Law of conservation of energy has never been broken/violated.  There is no paradox related to the two parallel capacitors so that page on Wikipedia is misinformation as anyone can write a wiki page and write whatever it wants.

--- End quote ---

Of course.  And you absolutely need to stop saying that other people on this thread are claiming conservation of energy is violated.  That is just an outright lie and it isn't ok.  Stop it.

The point of the paradox is to show that the initial setup is non physical.  Postulating zero loss and zero inductance and requiring that you reach a steady state is a non physical setup and the equivalent to dividing by zero.  Any conclusions drawn from it are meaningless.  Your entire premise is based on something that cannot exist and is meaningless.

With no inductance or resistance the voltage is discontinuous and the current flow is infinite.  That is impossible.  If you add any finite resistance or inductance -- even an attohenry everything becomes finite and does not agree with your claim.  This is trivially verifiable analytically, by simulation, or by experent.
TimFox:
Even "dividing by zero" can be handled analytically with proper limits.
As an example, the famous sinc function
y=sin(x)/x obviously goes to 1 at x=0,
even though both the numerator and denominator are 0 at x=0.
electrodacus:

--- Quote from: ejeffrey on May 14, 2022, 07:52:48 pm ---
Of course.  And you absolutely need to stop saying that other people on this thread are claiming conservation of energy is violated.  That is just an outright lie and it isn't ok.  Stop it.

The point of the paradox is to show that the initial setup is non physical.  Postulating zero loss and zero inductance and requiring that you reach a steady state is a non physical setup and the equivalent to dividing by zero.  Any conclusions drawn from it are meaningless.  Your entire premise is based on something that cannot exist and is meaningless.

With no inductance or resistance the voltage is discontinuous and the current flow is infinite.  That is impossible.  If you add any finite resistance or inductance -- even an attohenry everything becomes finite and does not agree with your claim.  This is trivially verifiable analytically, by simulation, or by experent.

--- End quote ---

You will be spiking for yourself in regards to energy conservation as it seems many people disagree with that either knowingly or unknowingly like Derek did in the Direct downwind faster than wind video where what he basically presented there was an overunity device so getting more power out than in.

You can not get rid of inductance but you can get rid of resistance.
And you can get inductance as a intermediary energy storage in a normal circuit with resistance and reduce the effect of energy loss as I already demonstrated very close to ideal case of zero energy loss that is possible for a circuit with no resistance.

The two capacitor problem is useful if understood to debunk the main claim Derek made and that is the "energy doesn't travel in wires".
All energy including the initial transient (AC) and the DC after that will travel from the source to the load (lamp/resistor) through wires.
There is absolutely no evidence of Derek's main claim and he's supposed evidence is to show that there is energy arriving at the lamp before the electron wave had the time to travel the entire transmission line about 65ns in his experiment.
The explanation for that small amount of energy he sees before those 65ns is easy to explain if you understand that a transmission line is made of distributed capacitance and inductance elements for the entire length of the transmission line and that the capacitance being an energy storage device is the one responsible for that current seen through the lamp while energy is stored in the two capacitors each side of the lamp.
There is no current flow through a capacitors when charging but there is a current flow in to a capacitor and that just means energy travels through wires as electrical energy is the integral over time of electrical power which is the product of electrical potential and electrical current.
Since current is not possible through the dielectric of a capacitor in this case 1 meter of air electrical energy can only travel through wires.
IanB:
A question (for Tim, ejeffrey, or whoever):

How do we precisely define the circumstances in which conservation of charge is applicable when analyzing a system, and when it is not?

For example, we may have capacitor A holding a charge Q0, terminals connected to one side of a black box.
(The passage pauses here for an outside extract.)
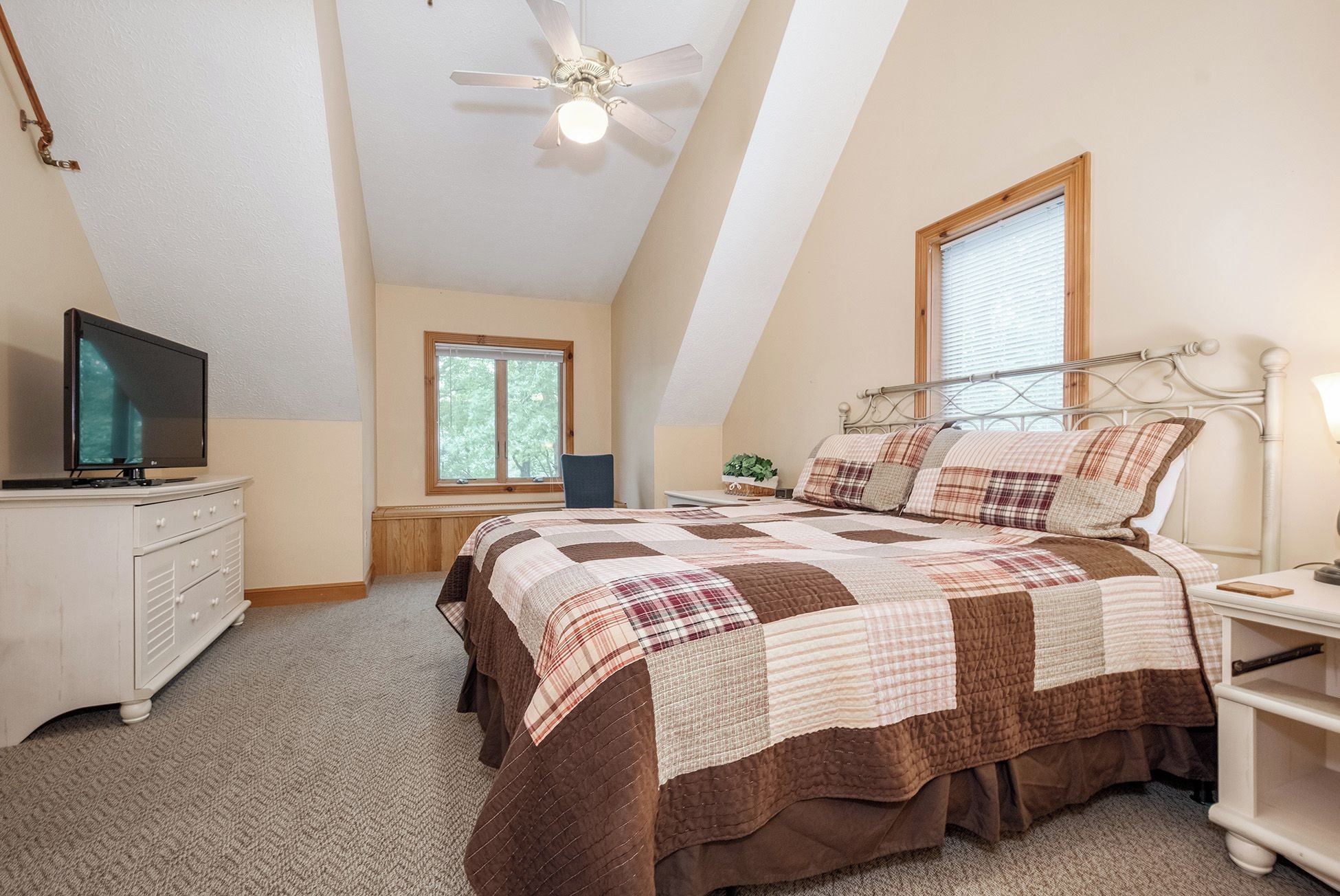 A bedroom with a bed, a television, a ceiling fan, and a window.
A second capacitor B starts out uncharged and is connected to the other side of the black box. The black box draws power from capacitor A and uses it to charge capacitor B. At the end of the process, capacitor A has remaining charge Q1 and capacitor B has charge Q2. We can imagine that Q1 + Q2 may not always be equal to Q0.

We know that if the black box just contains a series resistor, then conservation of charge will apply. But if the black box contains a DC/DC converter, then maybe not.

What is the rigorous technical statement about when and where conservation of charge applies? Is it related to the number of closed loops in the system topology? That conservation of charge applies around each loop? But then what about branches where two loops overlap? Or is it that conservation of charge should apply within each separable island in the topology, such as on each side of a transformer?

Or is this just overcomplicating things, and one should just apply KCL around each node in the system and sum over all the nodes?
hamster_nz:
I would love to hear electrodacus's analysis of the behavior of this circuit when the switch is closed, with Vi of 3 V and C of 3 F, with ideal capacitor, wires and switches, of course, (so no dissipative elements).